Estimate Alpha

In the heritability model, the power parameter alpha determines how the expected heritability contributed by a SNP depends on its minor allele frequency. Positive (negative) alpha means that more-common SNPs tend to have larger (smaller) effect sizes than less-common SNPs (see Technical Details for the mathematical details). We are not aware of a way to estimate alpha directly. Therefore, we instead try multiple values of alpha, seeing which fits the data best.

The process for estimating alpha is the very similar to that for estimating SNP Heritability, in that you also use --sum-hers <outfile> to regress the summary statistics onto a tagging file. The difference is that it is now necessary to repeat this multiple times (each time, using a tagging file computed assuming a different value for alpha). Either you can download Pre-computed Taggings (calculated assuming the BLD-LDAK-Lite Model), or Calculate Taggings yourself (in which case, we recommend you assume the Human Default Model)

We recommend using 31 values of alpha, ranging from -1 to 0.5 (step size 0.05). Having performed the analyses, you should run the command --find-gaussian <outfile>. LDAK will then report two estimates of alpha: the first is simply the value that resulted in highest loglSS (our approximate log likelihood), while the second is obtained by fitting a normal distribution to the realisations of loglSS.
_ _ _ _ _ _ _ _ _ _ _ _ _ _ _ _ _ _ _ _ _ _ _ _ _ _ _ _ _ _ _ _ _ _ _ _ _ _ _ _ _ _ _ _ _

Example:

Here we use the binary PLINK files human.bed, human.bim and human.fam, and the phenotype quant.pheno from the Test Datasets.

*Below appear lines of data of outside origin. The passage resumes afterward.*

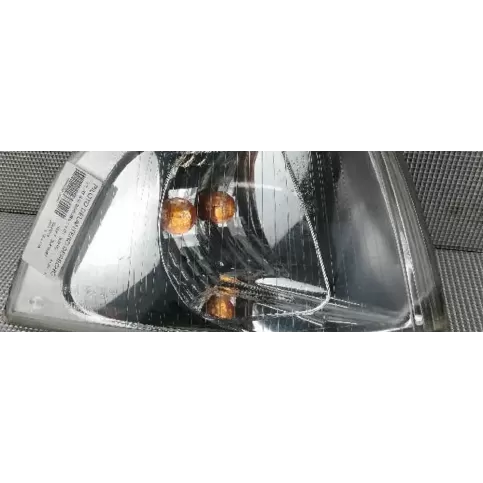5940908 фара передняя Volvo S40, V40 2000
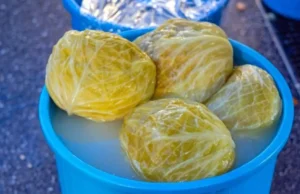 Cum păstrezi varza murată crocantă și gustoasă când locuiești la bloc? Ce se pune în butoi dacă-l depozitezi pe balcon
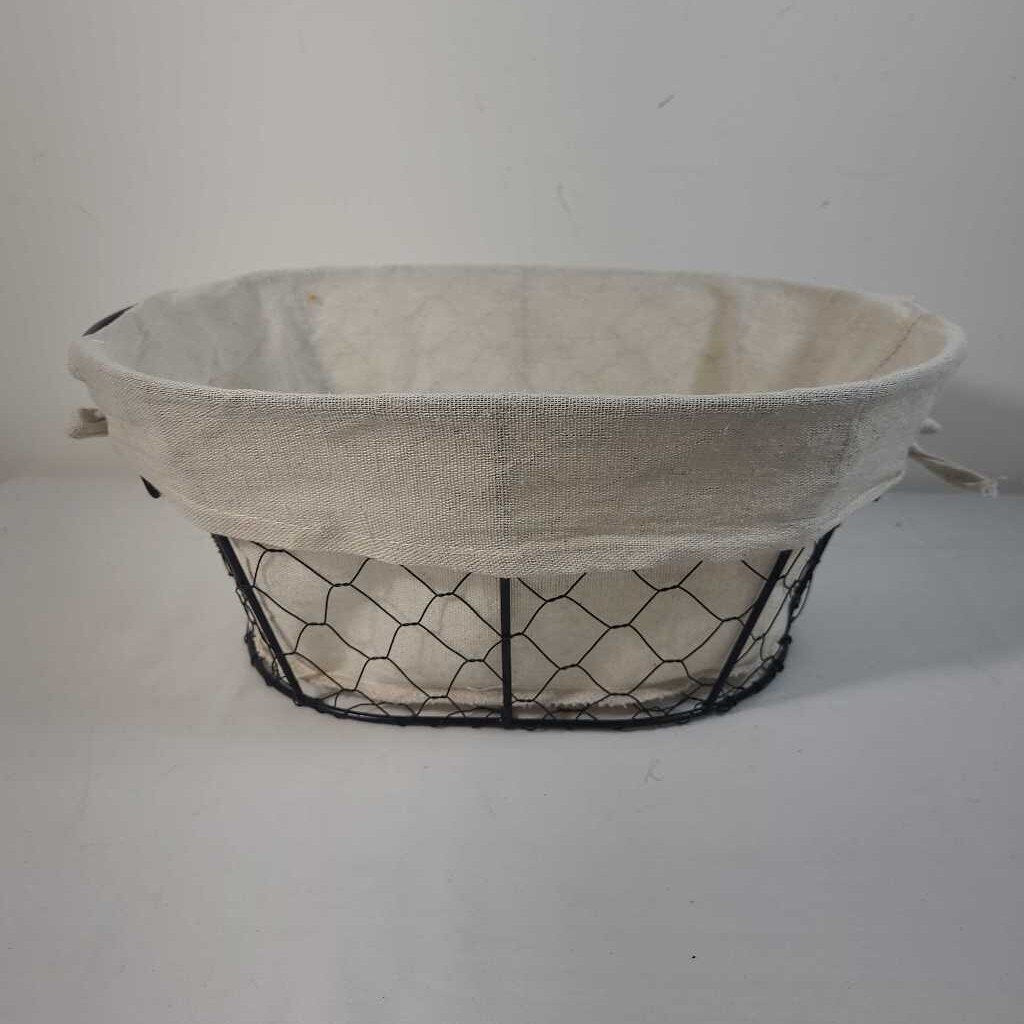 LINED BLACK WIRE BASKET
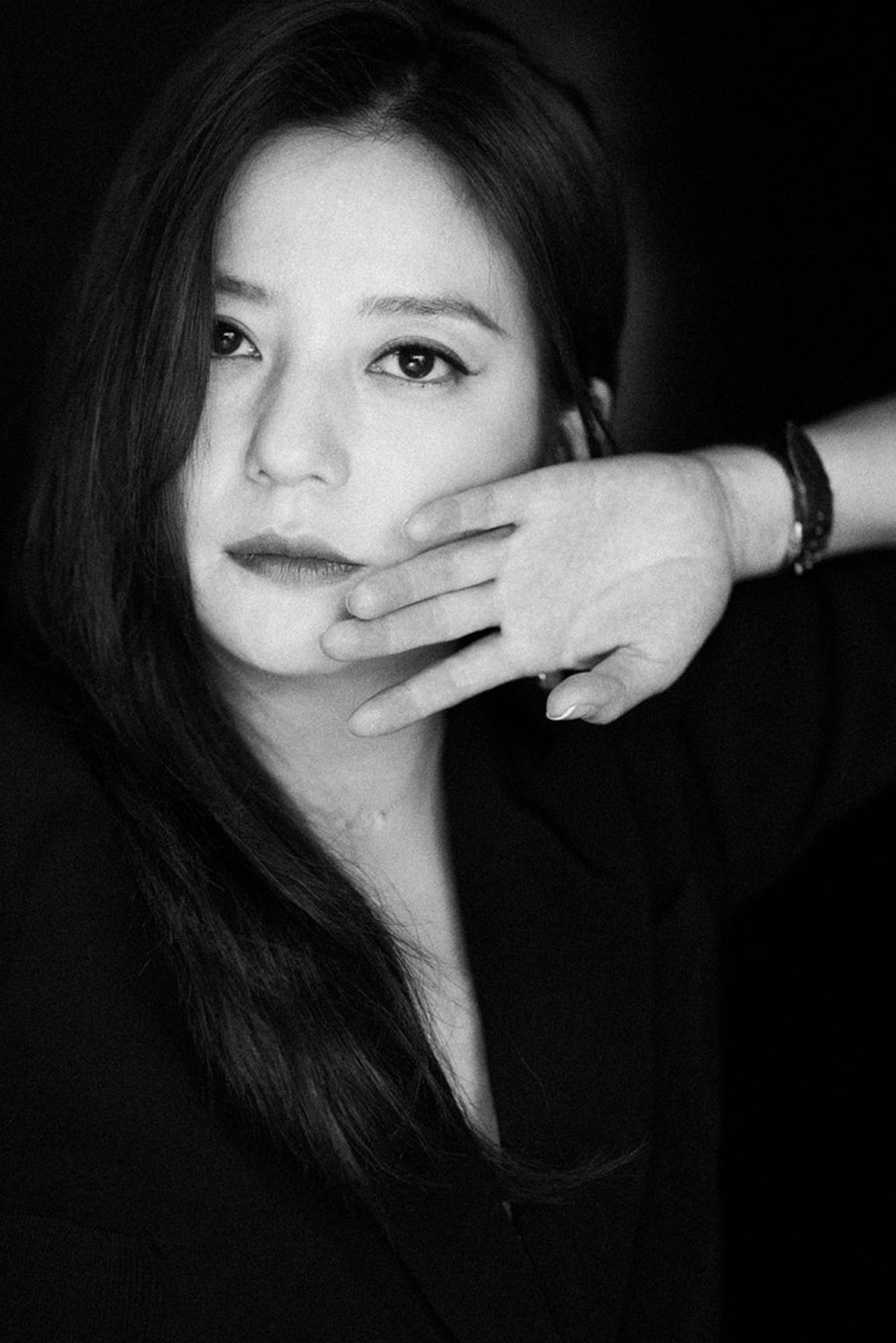 Triệu Vy đẹp ma mị và ấn tượng với gam màu trắng đen - 2
Én nhỏ muốn bộc lộ toàn bộ cảm xúc qua ánh mắt trong loạt ảnh cận cảnh này.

In order to estimate alpha, we require summary statistics (i.e., the results from regressing the phenotype on each SNP individually). We can obtain these by running

./ldak.out --linear quant --bfile human --pheno quant.pheno

The summary statistics are saved in quant.summaries (already in the format required by SumHer). For more details on this command, see Single-Predictor Analysis.
_ _ _ _ _ _ _ _ _ _ _ _ _ _ _ _ _ _ _ _ _ _ _ _

We create 31 tagging files, corresponding to different values of alpha, by running

for j in {-20..10}; do
alpha=`echo $j | awk '{print -$1/20}'`; echo $alpha
./ldak.out --calc-tagging HumDef.$j --bfile human --power $alpha
done

We regress the summary statistics on each tagging file

for j in {-20..10}; do
./ldak.out --sum-hers alpha.$j --summary quant.summaries --tagfile HumDef.$j.tagging
done

We could manually obtain an estimate of alpha by identifying the analysis that resulted in highest model fit. The following script extracts loglSS (for the alternative model) from each .<extra> file, then prefixes this by the corresponding value of alpha, then sorts.

for j in {-20..10}; do
alpha=`echo $j | awk '{print -$1/20}'`;
grep Alt_logl alpha.$j.extra | awk -v alpha=$alpha '{print alpha, $2}'
done | sort -n -k 2

We see the highest model fit (the bottom row of the screen output) corresponds to alpha=-.50. However, a better approach is to save the output to a file, then provide this to LDAK

for j in {-20..10}; do
alpha=`echo $j | awk '{print -$1/20}'`;
grep Alt_logl alpha.$j.extra | awk -v alpha=$alpha '{print alpha, $2}'
done > alpha.likes
.
/ldak.out --find-gaussian alpha --likelihoods alpha.likes

The results are saved in alpha.power. This contains two estimates. The mode estimate is -0.50, which is the value of alpha resulting in highest loglSS. The mean estimate is -0.69 (SD 0.50), which is obtained by identifying the Gaussian Distribution that best fits the realisations of loglSS. Note that for real data, the mean estimate is almost always adjacent to the mode estimate (the large difference we observe here, reflects that this is a toy example).